1 Introduction

Solar radiation is the energy radiated by the sun and is a very important source of energy on Earth. It consists of short and long waves spanning the infrared, visible, and ultraviolet ranges of the electromagnetic wave spectrum (Salby 2012). Solar energy is the most readily available energy source on Earth. It affects the climate of the Earth in the means of temperature, evaporation and causing precipitation. A miner change in solar radiation causes a notable effect on climate change (Huang et al. 2021). Starting with photosynthesis in plants and moving on to primary consumers and later consumers through consumption and respiration processes, radiant energy supports metabolism in an ecosystem (Raven et al. 2011). Power from solar radiation has also been employed as an energy source in the last decades to supply electricity and thermal energy, for example, through the use of photovoltaic panels, which are increasingly developed and used in many nations (Gul et al. 2016; Sathe and Dhoble 2017). Understanding solar irradiance characteristics is therefore beneficial for planning and engineering appropriate energy-conversion equipment and infrastructure, as well as for developing an efficient energy management plan for each area.

Many researchers use machine learning models for estimating and forecasting solar radiation globally and in different areas (see, e.g. Hissou et al. 2023; Alizamir et al. 2020; Guermoui et al. 2020; Fan et al. 2018). Etxegarai et al. (2022) and Pang et al. (2020) use machine learning models for forecasting solar irradiation in the USA. It is important to forecast solar irradiation but location, angle of incidence, season, time of day, and cloud covers are the variables that might affect the intensity of solar radiation on Earth’s surface (Matuszko 2012). Solar radiation is mainly absorbed by clouds, aerosols, vapors, and other components.

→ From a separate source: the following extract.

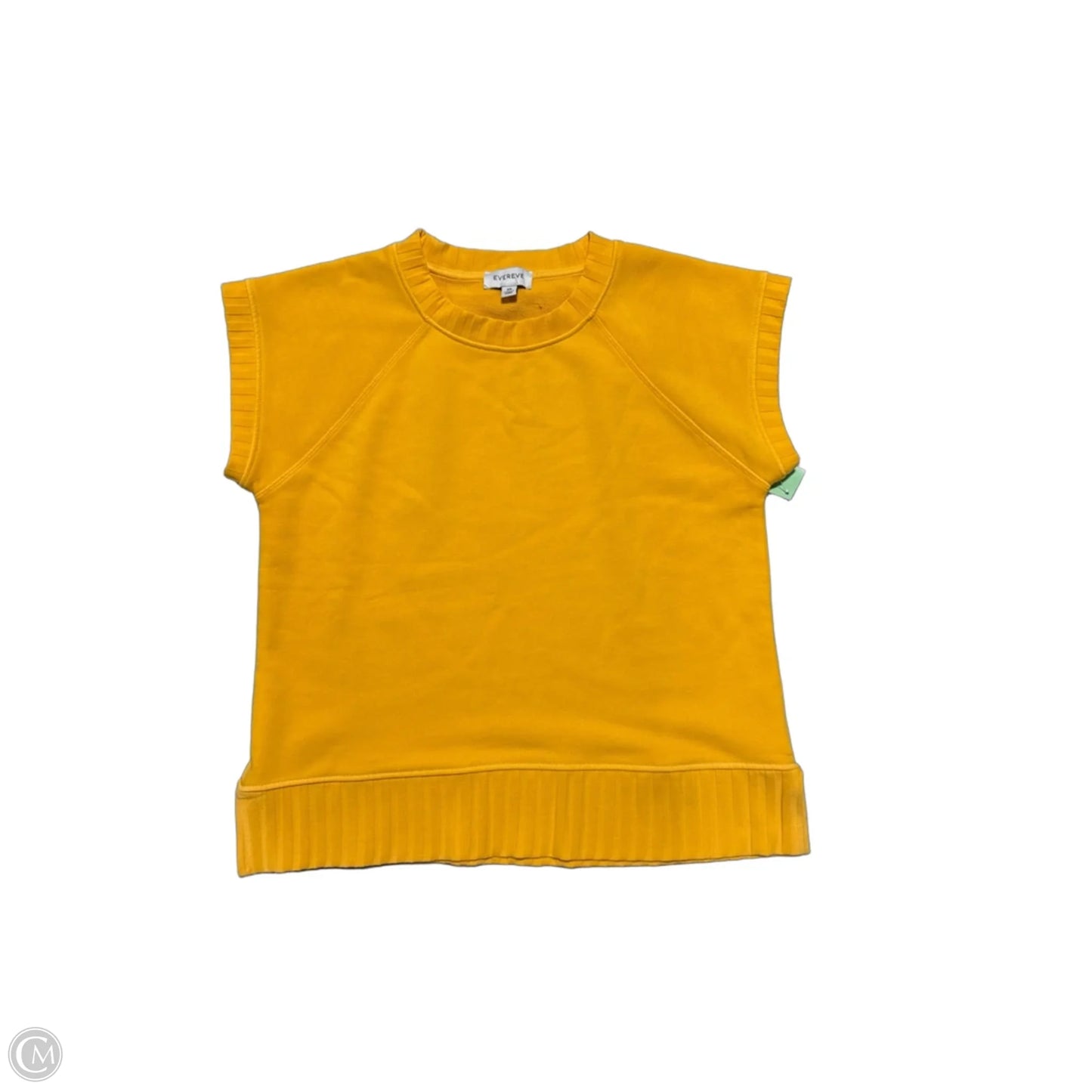 Top Short Sleeve By Evereve In Orange, Size: Xs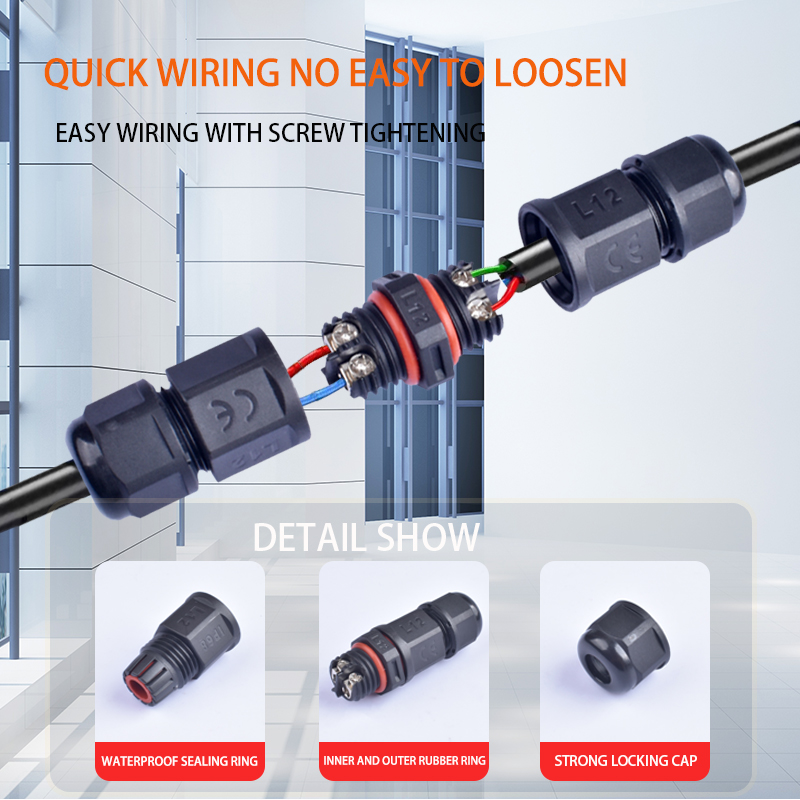 IP68 Waterproof Connector LED  - огляд і ціна Outdoor Lighting Electrical Box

Clouds are the most important agents that absorb solar energy before it reached the Earth’s surface. They can have a significant impact on the amount of ground radiation (Tzoumanikas et al. 2016; Kejna et al. 2021; Fountoulakis et al. 2021). Solar radiation from the top of the atmosphere can be absorbed by clouds for approximately 30 W/m2 (Cess et al. 1995, 1996).

Other than forecasting, many studies model ground solar radiation for its spatial and temporal trends (see, e.g. Liang and Xia 2005; Hammer and Beyer 2012; Cheung et al. 2015; McNeil et al. 2019; Vindel et al. 2020; Jin et al. 2022). McNeil et al. (2019) used a natural cubic spline model to investigate solar radiation patterns in southern Thailand. Patterns and trends in solar radiation trends in China were analyzed using linear regression (Liang and Xia 2005; Jin et al. 2022). Cheung et al. (2015) examined the spatial and temporal solar absorption patterns of Australian clouds.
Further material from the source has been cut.